While word of a major vulnerability in the fabric of the Internet leaked out a bit sooner than folks at the Department of Homeland Security would have liked, there isnt a whole lot to panic about.
The threat posed by an exploit of the TCP has already been addressed where it matters most—at the core of the Internet. Unless youre heavily using the BGP (Border Gateway Protocol) to manage routing of your network traffic to ISPs, odds are that youre not at risk.
The potential problem only applies to applications that rely on having a long-term TCP session between two points. But few applications use TCP for such applications—streaming video and audio, for example, typically rely on the UDP (User Datagram Protocol) instead.
Unfortunately, one place where such long-term TCP sessions are common is communication between routers over BGP. The greatest vulnerability is at “peer border routers”—the routers at the edge of an ISPs network that link pairs of ISPs together.
“If BGP peers get knocked off, it can take some time to rebuild those connections,” says Peter Stapleton, director of product marketing for Computer Associates International Inc.
By sending a “spoofed,” or faked, TCP message, an attacker could reset the TCP session between two border routers; that would reset the BGP session between them as well, and any routing information built between the routers would have to be rebuilt.
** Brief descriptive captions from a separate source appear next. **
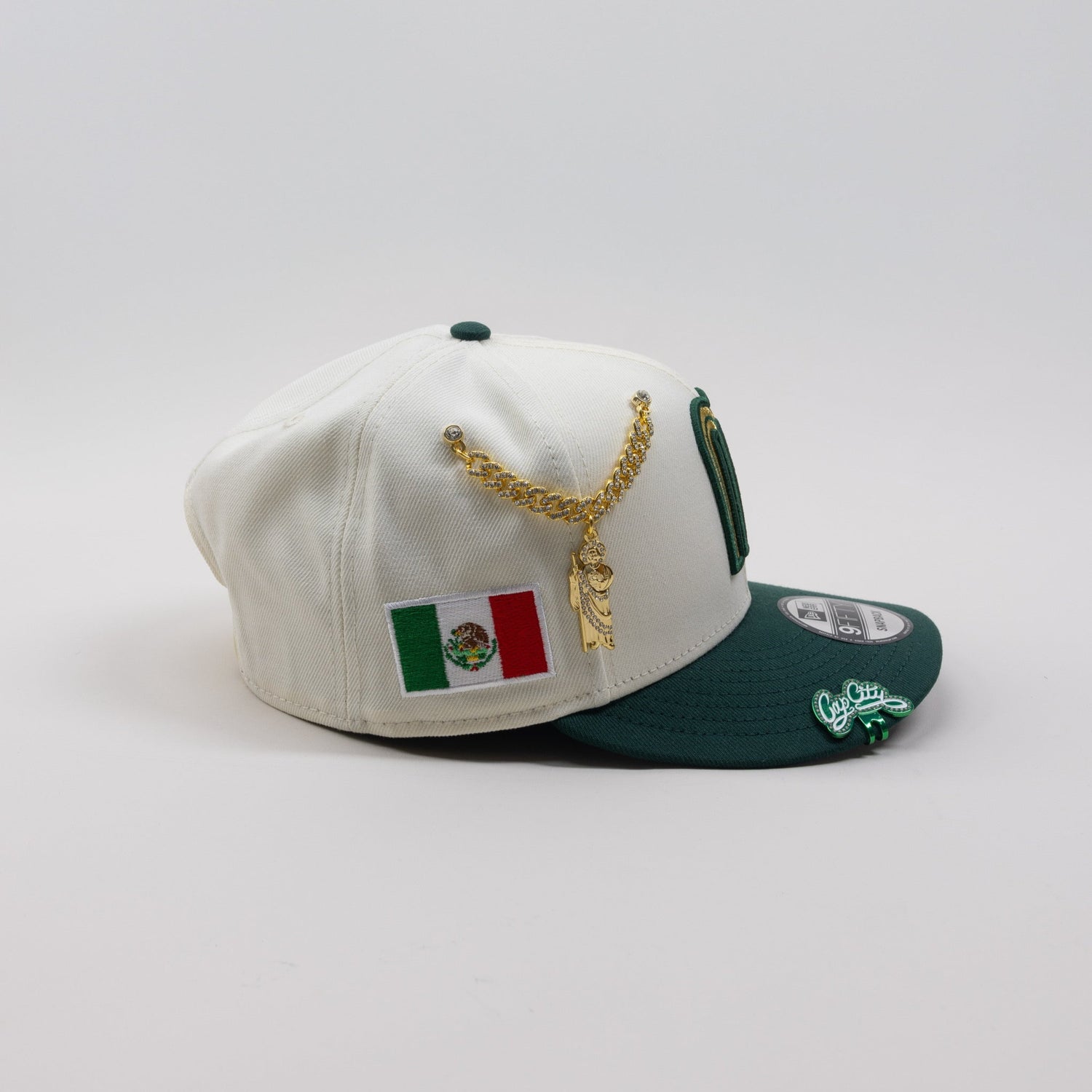 NEW ERA EXCLUSIVE 9FIFTY CHROME WHITE/FOREST GREEN MEXICO SNAPBACK W/ MEXICO FLAG SIDE PATCH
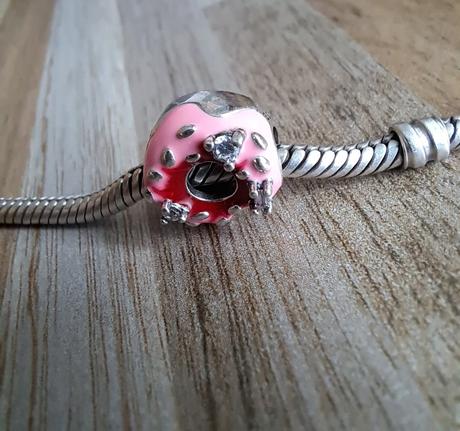 Prívesok ružový donut, 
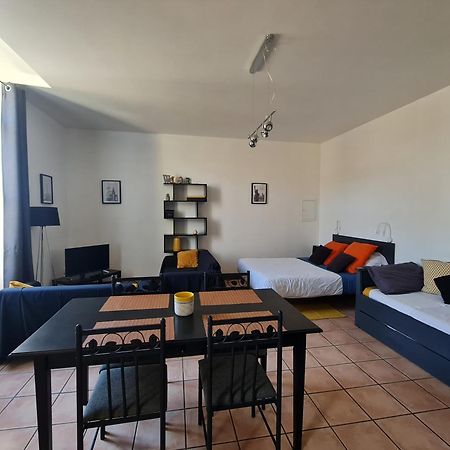 Le Prieure - Studios Jusqu'A 4 Personnes Вильнёв-ле-Безье Экстерьер фото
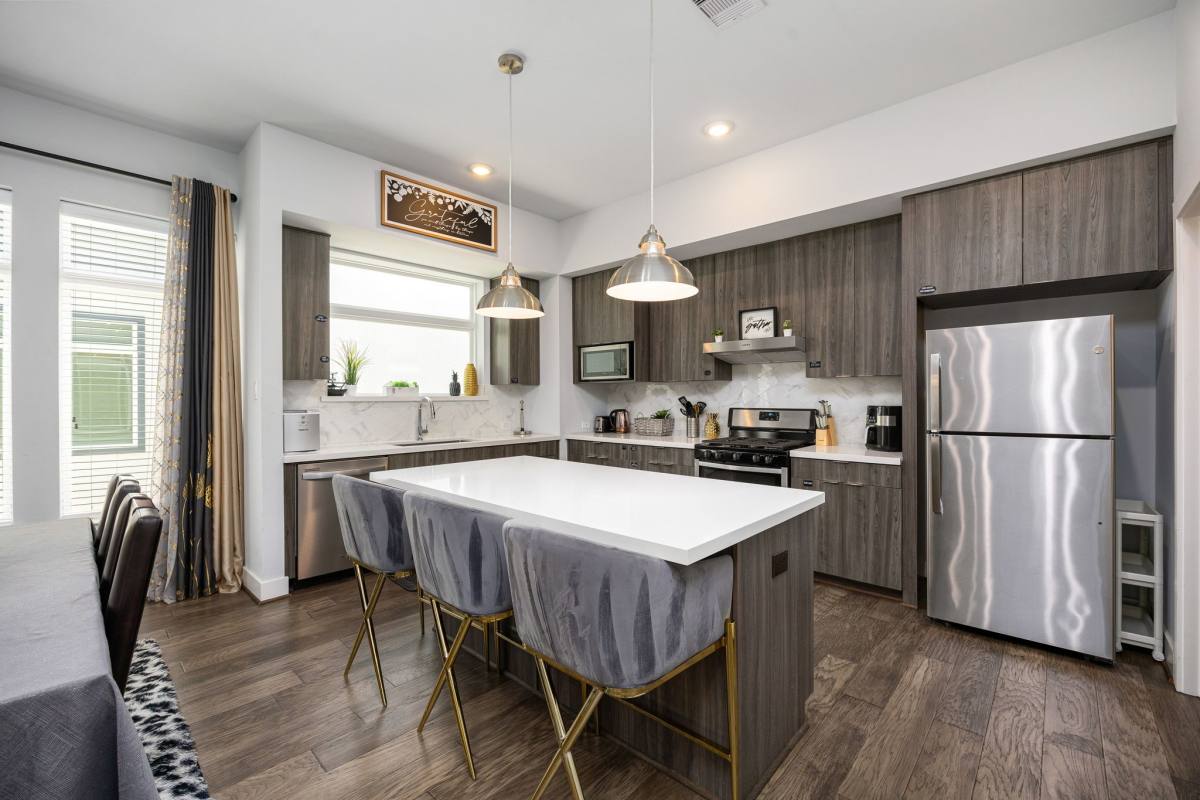 Townhouse for rent at 5815 Fairdale Lane #5815C, Houston, TX 77057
If carried out repeatedly, the attack could stop traffic between two ISPs by way of that peer connection.
Fortunately, most ISPs have already taken steps to secure the traffic between their peer border routers. “Its something weve known about in the operations community for over a week now,” says Bill Woodcock, research director of the Packet Clearing House, a nonprofit organization that promotes Internet stability by working with ISPs.
In that time, ISPs have been working with each other to secure each of their peer links “using an MD5 (Message Digest 5) Hash to protect each session,” says Woodcock, “putting a unique password on every interconnection between each pair of ISPs.”
The MD5 algorithm, designed by Ron Rivest in 1991, has been available for some time; it was defined as an optional extension to BGP in the Internet Engineering Task Forces RFC 2358 back in 1998. “Its been around for a while,” says Stapleton, “but as far as being a common practice, thats another matter. Up until now, it hasnt been used that much.”
That has changed in the last week. “All of the big guys got this done days ago,” says Woodcock. “Its come down to the last couple of small guys who are harder to pay attention—the vulnerability will only affect smaller ISPs that are less concerned about security.”